Access live spot rates, 24/7 currency execution, and competitive forward contracts.
2. Segregated SPV and project accounts
Create dedicated, ring-fenced sub-accounts for each SPV, project, or asset.
Use unique vIBANs to separate cash flows clearly and avoid intermingling.
Strengthen internal controls and simplify cross-border audits.
3. Efficient global payments and capital movements
Send and receive high-value payments in 160+ countries without a local bank account.
Access international networks including SWIFT, SEPA, and Faster Payments (UK & Channel Islands).
Support compliant capital inflows, repatriation, investor distributions, and cross-border transfers.
4. Rapid onboarding for non-resident SPV owners
Fast-track onboarding supported by an international KYC team.
Suitable for complex ownership structures and non-resident directors.
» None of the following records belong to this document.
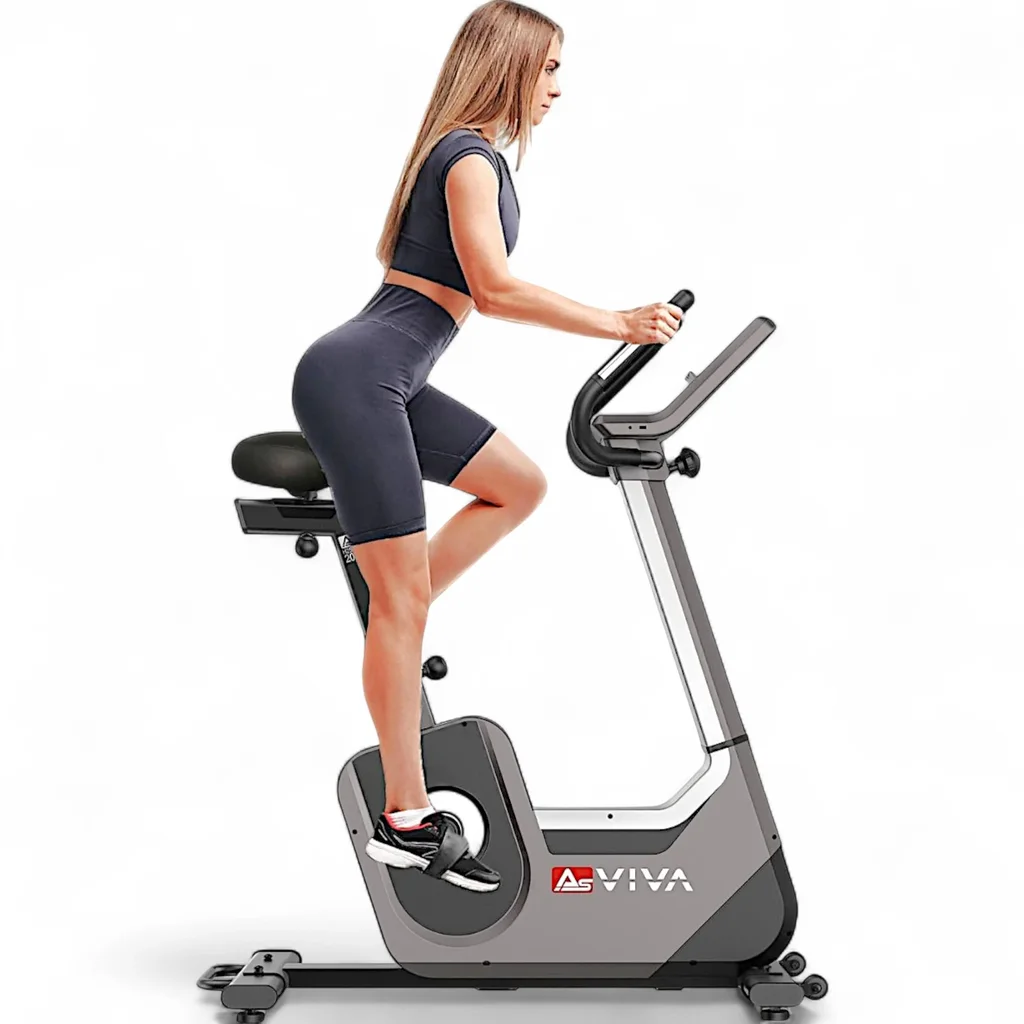 Gesamtansicht des AsVIVA Ergometers H25 Studio Pro als Heimtrainer für das Cardiotraining zu Hause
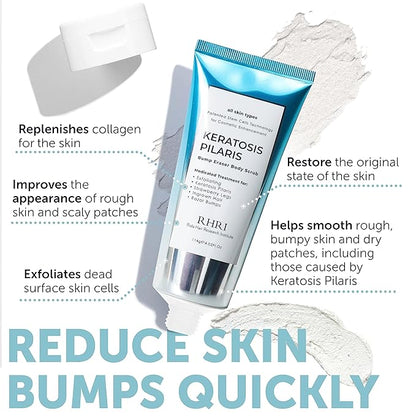 KP Bump Eraser Body Scrub | Keratosis Pilaris Treatment | Bump Eraser Body Scrub | Exfoliating Body Scrun | Ingrown Hair Treatment | Clears Strawberry Legs | Soothes Redness, Dryness & Flaky Skin
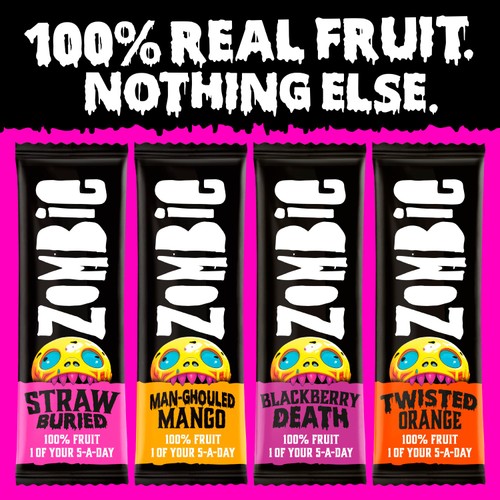 Zombie Fruit Bars Variety Multipack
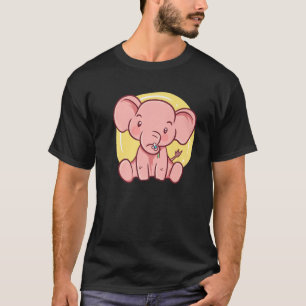 Niedlich Kawaii Anime - Rosa Elefant - Ästhetik Ja T-Shirt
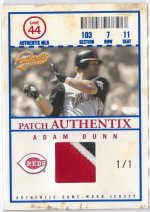 2005 Fleer Authentix Patch Authentix Red #PA-AD, 1 of 1 FRONT.jpg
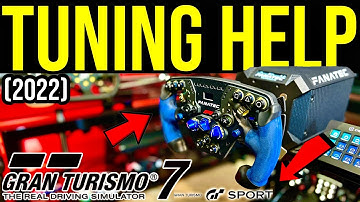✅ Gran Turismo 7: Fanatec Wheel Guide | DD1 Tune Settings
Operational SPV accounts can be activated within 48hrs of approval.
5. Simplified accounting, reporting, and treasury management
Automated reconciliation and consolidated statements across all entities.
Real-time cash visibility for smarter treasury and liquidity decisions.
Easy integration with internal systems to streamline reporting and compliance.
6. Reduced regulatory friction for foreign investors
Designed for SPVs with non-resident ownership, avoiding challenges associated with traditional bank accounts.
Helps maintain operational credibility and regulatory compliance from day one.
Supports lawful, transparent international investment flows.
7. Global safeguarding with Tier-1 financial partners
Client funds held in segregated safeguarding accounts.
100% liquidity with no withdrawal restrictions.
Regulated by the FCA (UK), DFSA (UAE) and FINTRAC (Canada).
8. Dedicated Relationship Management
Work with India and MENA sector specialists experienced in cross-border SPV operations.
Receive personalised support for payments, FX, compliance, and day-to-day queries.
Enhance operational efficiency across all SPV entities with 24/7 account access.
Key FAQs on forming an SPV in India
What is an Indian SPV, and why do foreign investors use them?
An Indian SPV is a standalone legal entity created for a specific purpose such as asset holding, project finance, or risk isolation. Foreign investors use SPVs for clear regulation, liability separation, and smoother cross-border investment flows.
What do non-resident investors need to set up an SPV in India?
Non-residents must provide a notarised passport, proof of overseas address, nationality details, and KYC/AML documents. Directors need a DIN and DSC. Corporate investors must supply incorporation documents and authorised signatory information.
Can foreign nationals fully own an SPV in India in 2026?
Yes. Foreign nationals can fully own an Indian SPV, provided they follow FDI and sector-specific rules. Indian citizenship is not required, and ownership can be through a company, LLP, or trust.
What are the main steps to set up an Indian SPV?
You choose the structure, appoint directors, register a local office, draft constitutional documents, obtain regulatory approvals, and open an SPV bank or multi-currency account. Foreign-owned SPVs must complete MCA filings and RBI reporting.
What compliance obligations apply to foreign-owned SPVs?
SPVs must file annual returns, maintain statutory records, follow FEMA rules for foreign transactions, file RBI forms for investments, and meet tax requirements including PAN/TAN, corporate tax, GST (if applicable), and TDS.
How do SPV multi-currency accounts differ from traditional Indian bank accounts?
Traditional NRE/NRO/FCNR accounts suit personal NRI banking, not complex SPV flows. Multi-currency SPV accounts offer 50+ currencies, segregated sub-accounts, global payments, and faster onboarding for non-residents.
Which sectors will see the most SPV growth in 2025/2026?
High-growth areas include infrastructure, real estate, private equity, securitisation, renewables, IP holding, and family office structures. These sectors rely on SPVs for funding efficiency and risk isolation.
Disclaimer: The information provided is for general guidance only and does not constitute legal, financial, or tax advice. Interpolitan Money does not offer advice on the formation of SPVs in India, choice of corporate structure, or regulatory compliance. Always seek guidance from a licensed professional before proceeding.